Three quick ways to nail your main character’s main flaw

Everyone loves a character arc.

Actually, that’s not true. Some characters remain resolute and unchanging. That’s their role.

But typically we like our main character to go through a transformation, an arc. Uncovering their flaw is key. When it mirrors the theme, everything aligns and the stars shine just that little bit brighter.

Dave Herman is a British screenwriter and script editor who knows a thing or two about character flaws. Knows that the main character’s flaw is key to their transformation. So a well-defined flaw is an invaluable guide during the writing process.

Your main character probably has a few flaws. Pick one.

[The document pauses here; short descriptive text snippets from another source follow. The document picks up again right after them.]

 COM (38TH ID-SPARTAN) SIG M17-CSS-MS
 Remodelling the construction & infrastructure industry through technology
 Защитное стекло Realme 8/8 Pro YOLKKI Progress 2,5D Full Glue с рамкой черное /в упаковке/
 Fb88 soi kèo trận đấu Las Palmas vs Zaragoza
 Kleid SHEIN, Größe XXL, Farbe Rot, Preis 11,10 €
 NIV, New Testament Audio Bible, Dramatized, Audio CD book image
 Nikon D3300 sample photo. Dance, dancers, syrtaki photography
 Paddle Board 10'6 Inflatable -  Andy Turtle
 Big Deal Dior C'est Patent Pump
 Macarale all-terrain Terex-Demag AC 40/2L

Your main character’s main flaw is an essential ingredient in a screenplay because it’s what stops them from achieving their goal. It’s the thing they’re most reluctant to face up to, because of the pain or loss involved in really acknowledging the flaw and then changing. (Yes, just like real life.)

It’s also what the antagonist latches onto and uses to make things increasingly difficult for the main character. But the flaw isn’t just important for writing the story, it’s also an essential ingredient in a good logline. It’s the essence of the description of the main character, and as such it indicates what kind of arc the main character will have to go through for there to be a satisfactory resolution to the story, regardless of genre.

That’s Herman’s take. Here are three questions he asks to uncover that flaw.

1. How does the story end?

If you know how you want your story to end, where does that leave the main character? What are they capable of (physically, emotionally, spiritually, morally, etc.) at the end of the story, that they weren’t capable of at the beginning? How have they managed to turn their flaw into their strength? Knowing how your story ends allows you to reverse engineer the main character’s arc, and determine what the most appropriate flaw is to start with.

2. What is the antagonist’s goal?

Every great antagonist has their own story, something they are trying to achieve which is being obstructed by the main character. The main character is going to battle it out with a force that knows them well and is hell-bent on stopping them, particularly by hitting them where it hurts most. Often the antagonist essentially wants the same thing as the main character, but has a diametrically opposed moral worldview. If it’s clear what the antagonist wants, then the main character’s flaw is going to be just what they need to get the job done.

3. What makes the main character’s goal so hard to achieve?

What specific thing does the main character have to achieve for us to know the story is over? What do they have to win, conquer, escape from, retrieve, deliver, refrain from, etc.? And what makes it so much harder for them to achieve this than for anyone else? Why is this the worst possible situation for this character to have to deal with? I mean, none of us wants to be buried alive or stuck on a hijacked plane, so that level of generic, primal emotion works on a plot level. But what specific difficulty does this particular goal raise for the main character in this particular story? The specific reason why achieving the goal is difficult for the main character is intimately linked with their flaw.